Ébriamente bebo o prazer de te contemplar... deito-me nas tuas nuvens de cetim... sabem a algodão doce... já sabes que sim...

Silenciosamente entrego-me ao prazer de te admirar... sei que és intocável. Não importa... Posso amar-te no silêncio dos tons que me ofereces todas as noites...

Lá fora uma serenata de cagarras embala o início da noite... olho-te ... silenciosamente...
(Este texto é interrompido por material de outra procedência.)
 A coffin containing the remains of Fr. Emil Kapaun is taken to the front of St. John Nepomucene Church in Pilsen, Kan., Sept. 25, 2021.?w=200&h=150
Enfeitiçada por ti... fica apenas o silêncio...

2008-03-09

Enfim... 47

Ao contrário da maioria das pessoas que conheço quando cheguei aos 4o anos, senti-me realmente bem... estava mais madura... mais sensível... mais atenta aos problemas dos outros, em suma mais humanizada, como se o percurso com vários tropeções da vida me tivesse ensinado a ser mais "sábia".


Reconheço que o final dos 45 e os 46 anos não foram muito positivos, tiveram muitos percalços, no entanto acredito que se tivesse passado o mesmo aos 20 ou 30, não teria sabido agir com a mesma harmonia que me fez ultrapassar essa fase menos boa.
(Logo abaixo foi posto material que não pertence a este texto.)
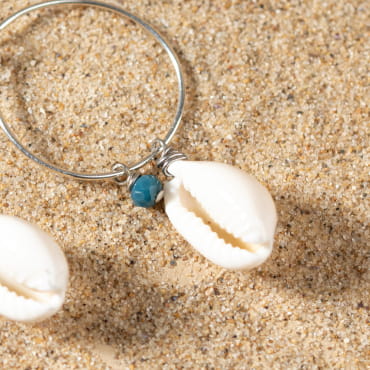 Détail sur les boucles Amélie, reflets bleutés et monture argentée artisanale.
Chegaram os 47... fechei imensas portas e abri de novo as janelas que valem a pena para arejar os meus dias. Deixei entrar o Sol e o vento norte varreu por completo algumas teias de aranha que teimavam em minar o que sou...


Estou em inquietante conjugação harmónica com a vida... Assim poderei voltar a voar livre nas asas das cagarras que já animam as noites do meu Pico...
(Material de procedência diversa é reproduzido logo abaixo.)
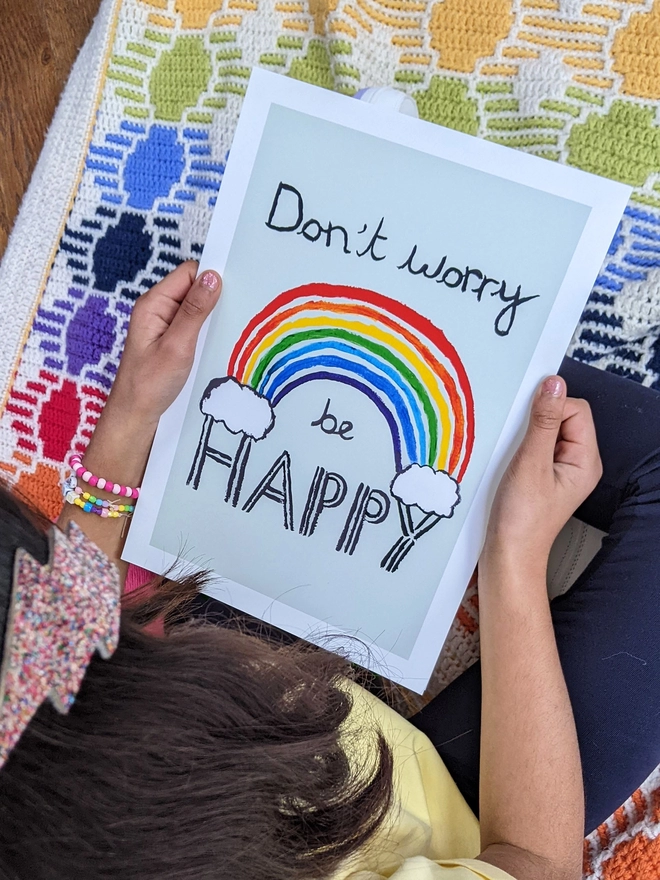 Young girl sitting holding an art print saying 'Don't worry be happy'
Sei que algumas pessoas ao lerem este texto vão tirar ilações daquilo que não está escrito, não importa, o que me importa realmente é aquilo que os meus amigos conseguem ler no que escrevo...


Obrigado a todos que de alguma forma estiveram comigo neste dia.


















2008-03-06

Tonalidades ...

Perco-me a olhar-te, sinto-te pulsante a emergir da terra, sugando docemente a seiva que te alimenta... A chuva deixa-te encharcada, o vento norte agita-te furiosamente... Continuas ali mesmo assim... para deleite da minha vista preenchida pela tua beleza... saboreio-te, embriago-me com o teu cheiro... entrego-me ao puro prazer de te tocar suavemente, quase a medo... medo de não ser digna de ousar sequer pensar tocar-te... tamanha fonte de beleza, suavidade e efemeridade tu transmites...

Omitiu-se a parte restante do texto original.